Like Music and Poetry, it is through Art that a deeper reality can be perceived in the form of mystical visions. This is made possible because the human being has a soul. It is the soul that enables the artist to rise above the ordinary and the mundane and have a vision. The immortal soul is thus the very essence that enables the human to imagine, to think and to dream. For me, the realm of the spirit is every bit as tangible as the material world, and the main focus of my art is to show the viewer mysteries that are hidden in mystical Judaism, that is, to portray the spirit and not the doctrines of Judaism. It is my belief that it is mostly through artistic intuition that the deeper reality can be perceived. The feminine soul figure in my work is rooted in Judaism, a religion that is generally regarded as patriarchal. I am concerned to reveal the existence of a matriarchal form of consciousness within Jewish mysticism that is apparent from the sacred-erotic and spiritual feminine imagery in my works, which signal an unseen spiritual universe.

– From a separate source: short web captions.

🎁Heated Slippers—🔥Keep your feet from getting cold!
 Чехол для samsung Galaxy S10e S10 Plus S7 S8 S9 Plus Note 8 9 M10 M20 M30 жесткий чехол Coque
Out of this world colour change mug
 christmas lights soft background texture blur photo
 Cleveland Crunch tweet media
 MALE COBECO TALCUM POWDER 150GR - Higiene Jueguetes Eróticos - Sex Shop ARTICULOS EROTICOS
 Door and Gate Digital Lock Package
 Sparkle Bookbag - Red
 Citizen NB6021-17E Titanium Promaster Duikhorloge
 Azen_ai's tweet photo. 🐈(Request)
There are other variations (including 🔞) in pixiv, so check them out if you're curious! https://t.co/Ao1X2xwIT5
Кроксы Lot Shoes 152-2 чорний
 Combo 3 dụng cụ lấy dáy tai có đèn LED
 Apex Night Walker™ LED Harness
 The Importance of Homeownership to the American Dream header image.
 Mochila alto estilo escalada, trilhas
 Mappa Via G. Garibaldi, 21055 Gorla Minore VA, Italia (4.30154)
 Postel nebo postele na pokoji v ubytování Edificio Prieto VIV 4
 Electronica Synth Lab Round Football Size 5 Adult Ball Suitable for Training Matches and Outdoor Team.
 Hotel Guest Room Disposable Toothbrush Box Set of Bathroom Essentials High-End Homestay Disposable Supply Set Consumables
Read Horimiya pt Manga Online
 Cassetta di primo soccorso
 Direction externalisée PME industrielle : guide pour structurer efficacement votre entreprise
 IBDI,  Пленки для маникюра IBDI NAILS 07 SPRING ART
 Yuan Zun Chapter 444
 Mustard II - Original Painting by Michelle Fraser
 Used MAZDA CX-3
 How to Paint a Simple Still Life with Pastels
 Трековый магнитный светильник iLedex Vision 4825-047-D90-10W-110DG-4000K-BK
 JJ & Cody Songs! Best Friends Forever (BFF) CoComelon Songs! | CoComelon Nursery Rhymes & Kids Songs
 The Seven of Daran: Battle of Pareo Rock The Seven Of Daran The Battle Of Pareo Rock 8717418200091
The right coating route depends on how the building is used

I experience the mystical cosmology of Kabbalah as a fertile field for my artistic expression of deeper realities that become apparent when studying Kabbalah, particularly as the cosmological system of the Zohar itself is deeply involved with issues of the soul. In this regard, the Zohar expounds that the souls of humankind have an unquenchable yearning to be united with their divine source and consciously seek to enter into the presence of G-d. The Zohar describes this quest of the soul for ultimate reunion with G-d in terms of a sacred union between male and female that employs sexual references, at a sacred level beyond the purely sexual, to describe a cosmic union or coming together, a fusion of all the manifold universes ‘above’ and ‘below’.
Additionally, the faculty of the imagination allows the absent to become present to the artist. Thus, while that which is absent is usually invisible, as an artist I am able, by using the imaginative faculty, to render the incorporeal visible in the human consciousness. My spiritual inspiration, Rabbi Kook (the first chief Rabbi of Israel) is a human example of the Jewish mystical tradition in its pure form. He, in turn, was inspired by the 16th century Rabbi Judah Loew of Prague, who saw Kabbalah as a way to the immediacy of G-d, and helped to free it from many of the superstitions that had accrued around it. Rabbi Loew is another of my inspirational teachers and I have portrayed him in many of my works. Rabbi Kook pointed out that art in Hebrew is ‘omonut’, whose root comes from ‘emet’, meaning truth. Therefore, the root ‘AMN’ (alef, mem, nun) forms the following words: ‘aman’ (artist), ‘omonut’ (art), ‘neeman’ (faithful) and ‘emunah’ (faith or faithfulness). The common meaning of all the above words is the revealing of that which is hidden in the soul. Art is therefore considered as coming from the soul, and is therefore holy. When I, as an artist, create images I am making manifest that which is kept hidden in my soul.